Repository for my data engineering project done during Insight fellows program
- 1.1 Project Details
- 2.0 Avro Schema
- 2.1 Kafka Ingestion
- 2.2 Kafka Streams Application
- 2.3 Cassandra
Google recently announced a new product called digital attribution which called for data-driven attribution and considering all responses of a user instead of just the last click.
Digital marketing advertisements are continuously affecting target users to varying degrees and these users in turn may respond by showing interest through clicking, researching the event, looking for deals or buying the product. All of this is happening simultaneously for all users. Each of these users can then be thought to be in a different position on the conversion funnel - henceforth referred to as propensity for conversion or simply propensity .Based on users current propensity the most productive next digital marketing move can be highly customized and optimized for that particular user. This type of highly reactive digital marketing platform would require continuously evaluating each user's current propensity.
This project demonstrates both the engineering, business and human aspects of solving this problem. A logistic regression scoring based approach to computing propensity score based on user history, implemented this approach on a streaming infrastructure, separates the business logic from the details on underlying streaming infrastructure through schema formats The overall end to end technique demonstrated here could be applied in a straightforward manner to any of the other specific problem involving digital marketing analytics.
For this project , I am considering four kinds of user events - clicks(CL) , impressions(IM) , paid search(PS) and past conversions(CN). As shown in the picture the idea is to sequence the user stream though a data streaming paradigm. The specific solution for continuous propensity scoring is based on the notion of a sequence of digital marketing treatments and user actions being continuously maintained and providing the based data on which a number of features are then computed based on the type of the event and the time elapsed since the event happened.
Below image shows the feature based on impression events.
All features follow different variation of this template of type of event and time based aggregation. These features are then fed to a logistic regression scoring model to compute the propensity score. Below image shows the features based on all events for feeding to logistic scoring scoring model.
The entire pipeline of gathering sequence to computation of features to computation of propensity score is built on a streaming infrastructure of Kafka as storage and messaging layer, kafka-streams for business logic processing layer, avro as schema and data representation, serializing and deserializing format, Cassandra as the distributed columnar database to store propensity over time and python flask as the front end for visualization. In the pipeline data in motion is depicted through pipes and data at rest (cassandra sink) is depicted by a rectangles.
The data at rest a.k.a table requirement (Cassandra), say at the front end data presentation layer and table creation(KTable) when data is in motion is achieved through interpreting kafka streaming message queue as a change log and a table as a materialized view on this changelog. This cleanly resolves any contradiction between a continuous flowing stream of data and "at rest" batch processed table of data.

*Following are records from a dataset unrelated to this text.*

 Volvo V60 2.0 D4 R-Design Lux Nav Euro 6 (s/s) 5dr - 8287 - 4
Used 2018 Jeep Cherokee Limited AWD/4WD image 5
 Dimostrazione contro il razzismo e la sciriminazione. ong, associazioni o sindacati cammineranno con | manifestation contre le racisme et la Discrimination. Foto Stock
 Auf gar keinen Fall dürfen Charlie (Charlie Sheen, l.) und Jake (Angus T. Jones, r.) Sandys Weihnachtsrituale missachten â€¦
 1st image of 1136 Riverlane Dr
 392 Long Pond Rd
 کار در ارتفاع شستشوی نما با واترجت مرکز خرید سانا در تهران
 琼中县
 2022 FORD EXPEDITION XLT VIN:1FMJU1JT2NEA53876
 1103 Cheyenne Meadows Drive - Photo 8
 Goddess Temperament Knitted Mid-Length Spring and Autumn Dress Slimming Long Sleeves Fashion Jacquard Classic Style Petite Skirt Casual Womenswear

There are two types of Avro schemas in play:
- the schema for the user events for clicks, impressions, paid searches and past conversions
- the schema for storing the continous user propensity with respect to timw
Through Avro schema formats , I have demonstrated that it is possible to separate out the implementation of the business logic from the details of streaming infrastructure. Avro is robust to schema changes and additional business logic computation can be developed and composed by incrementing the existing solution.
Both schemas were used to generate the Java Objects that are used for schema-specific serialization and deserialization of the event byte-stream flowing through Kafka producer and Kafka streams.
There are two types of streams for ingesting data through Kafka
- Marketing Producer which simulates user events for Clicks (CL), Impressions (IM) and Paid Search (PS)
- Conversion Producer which simlualates user events for user Past Conversions (CN)
The Avro schema for the events stream can be found here
The Kafka producer module can be accessed from here
[Marketing](https://github.com/mars137/Insight-project/blob/master/kafka-producer/src/main/java/com/atif/kafka/Producer/MarketingProducer.java)
[Conversion](https://github.com/mars137/Insight-project/blob/master/kafka-producer/src/main/java/com/atif/kafka/Producer/ConversionProducer.java)
The module for streams application can be found here It contains two main clasess - Sequence Transform - KafkaStreamsApplication
There are three streams in this application.
- Two streams coming in from the Kafka producer( Marketing and Conversion)
- Joined stream made from joining Marketing and Conversion events
- Avro schema for the resulting joined stream can be found here
- Aggregations and sequencing is done in Kafka streams for a particular user id
Database connection module can be found here
The CassandraConnect class from DatabaseConnect module is used for connection in KafkaStreamsApplication class.Data from the new joined stream is serialized through Avro and sinked to Cassandra through JSON format.